=== DATA SECTION ===

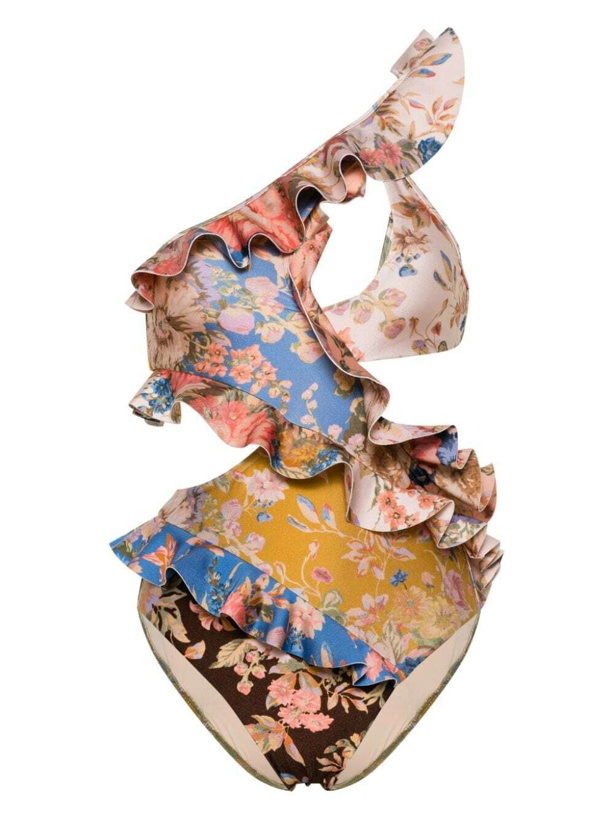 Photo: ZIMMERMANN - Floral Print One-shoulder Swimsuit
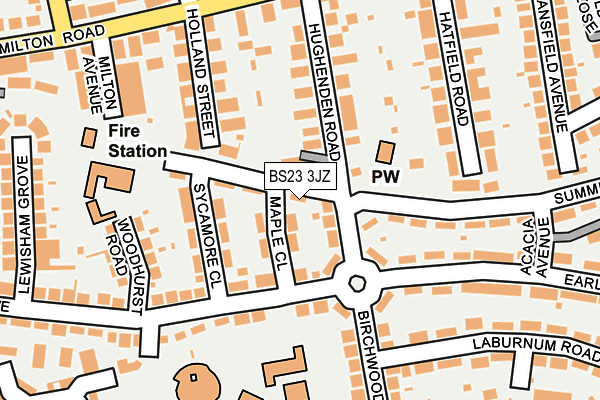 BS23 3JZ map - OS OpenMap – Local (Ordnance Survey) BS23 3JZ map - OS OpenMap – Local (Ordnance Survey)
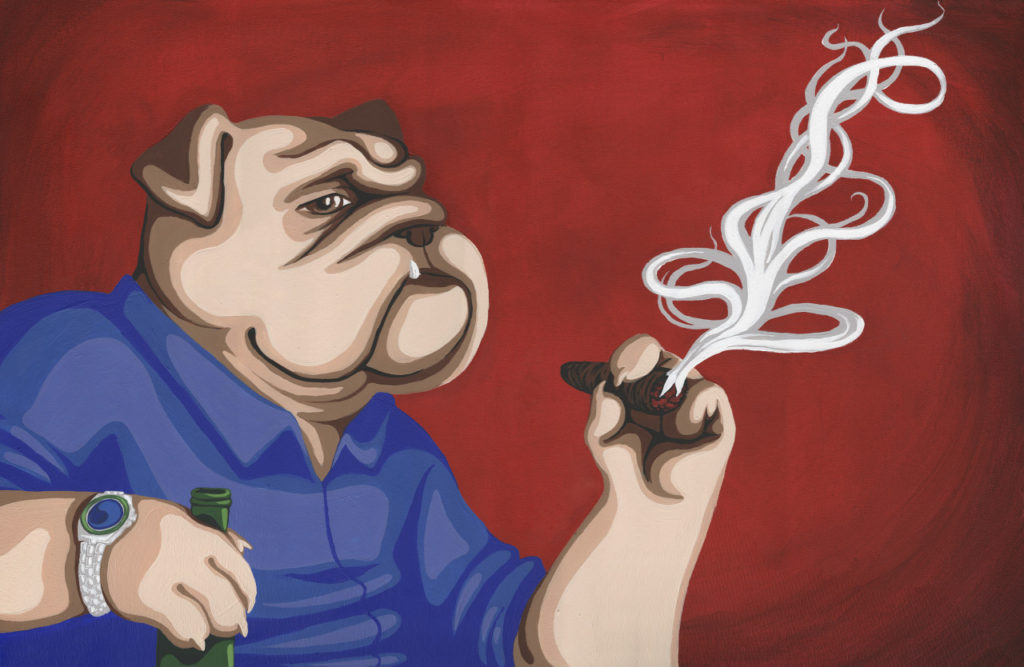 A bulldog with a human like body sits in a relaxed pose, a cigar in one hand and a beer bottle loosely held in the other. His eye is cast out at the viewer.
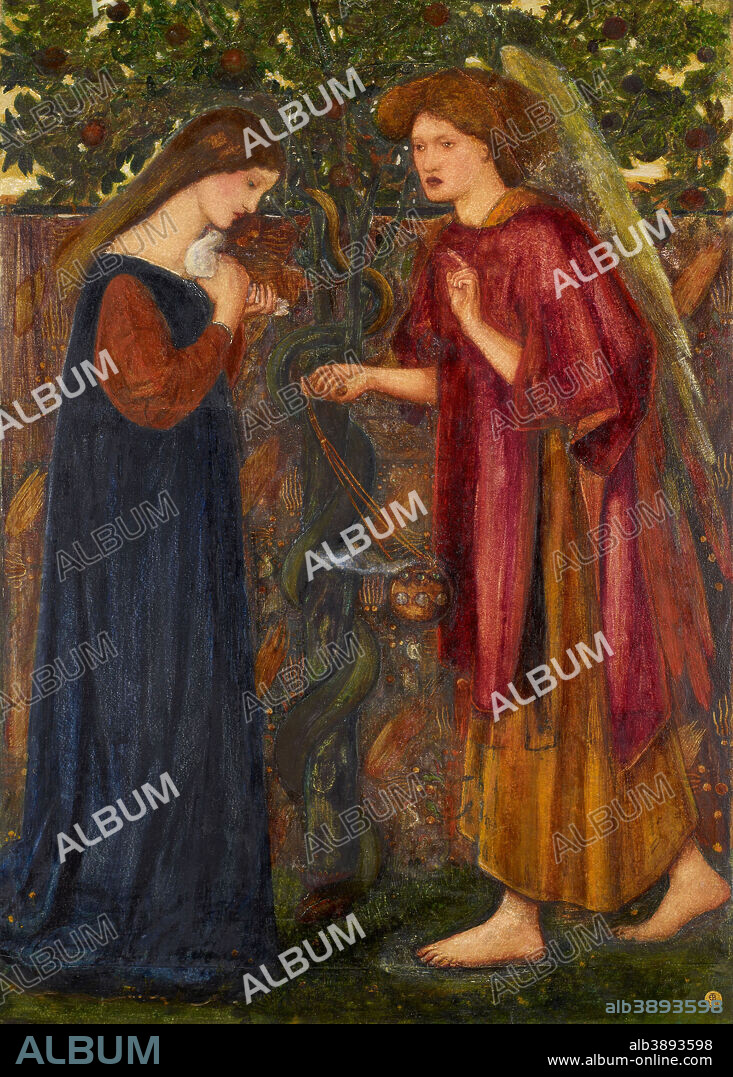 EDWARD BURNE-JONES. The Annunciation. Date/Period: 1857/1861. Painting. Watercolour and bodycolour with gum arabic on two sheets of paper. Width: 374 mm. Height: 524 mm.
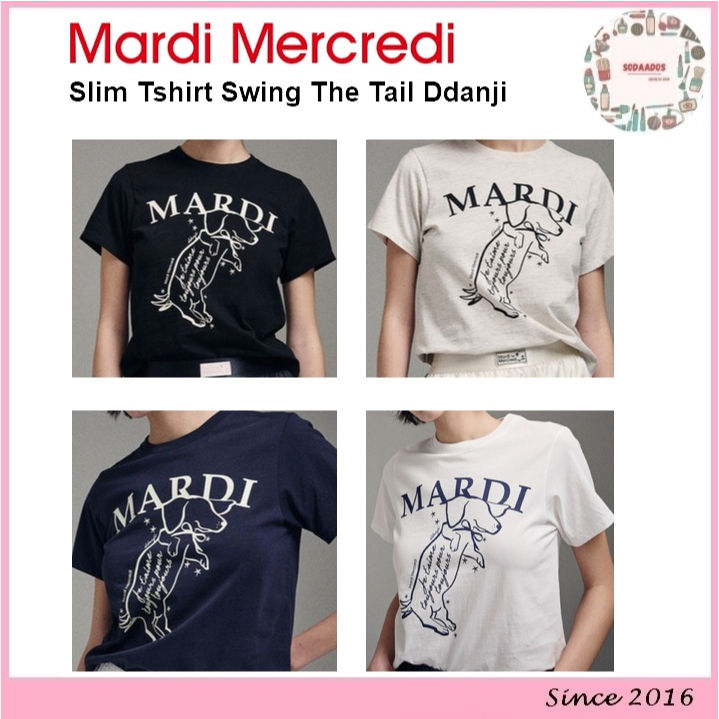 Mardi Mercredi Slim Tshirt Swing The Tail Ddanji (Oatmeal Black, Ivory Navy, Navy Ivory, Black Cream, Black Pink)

===
=== DATA SECTION ===

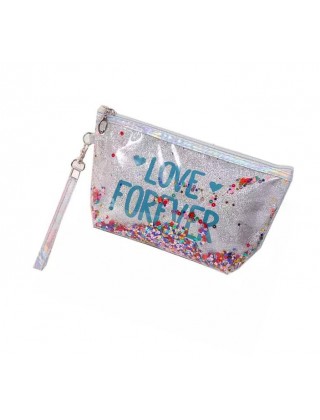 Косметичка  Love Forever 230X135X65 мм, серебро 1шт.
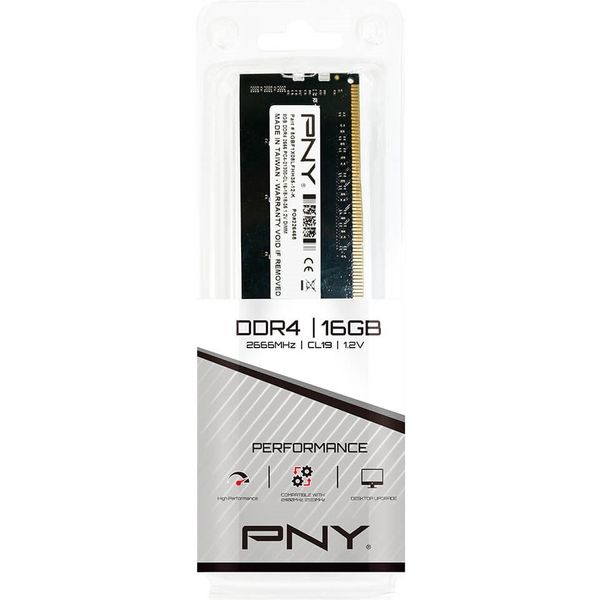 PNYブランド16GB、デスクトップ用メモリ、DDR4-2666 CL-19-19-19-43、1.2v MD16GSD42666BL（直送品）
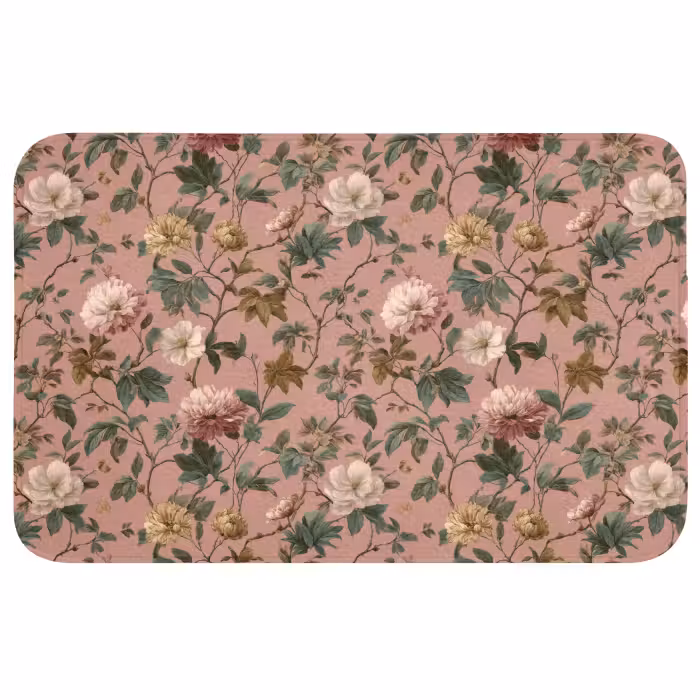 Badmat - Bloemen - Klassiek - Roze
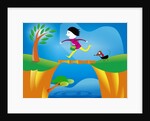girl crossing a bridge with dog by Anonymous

===

## WHAT THE TASK ASKS
Above is the material; set down exactly its lines from the one containing "Photo: ZIMMERMANN - Floral" down to the one containing "Mardi Mercredi Slim", both included, leaving out any pictures.

## RESULT FOR THIS EXERCISE
 Photo: ZIMMERMANN - Floral Print One-shoulder Swimsuit
 BS23 3JZ map - OS OpenMap – Local (Ordnance Survey) BS23 3JZ map - OS OpenMap – Local (Ordnance Survey)
 A bulldog with a human like body sits in a relaxed pose, a cigar in one hand and a beer bottle loosely held in the other. His eye is cast out at the viewer.
 EDWARD BURNE-JONES. The Annunciation. Date/Period: 1857/1861. Painting. Watercolour and bodycolour with gum arabic on two sheets of paper. Width: 374 mm. Height: 524 mm.
 Mardi Mercredi Slim Tshirt Swing The Tail Ddanji (Oatmeal Black, Ivory Navy, Navy Ivory, Black Cream, Black Pink)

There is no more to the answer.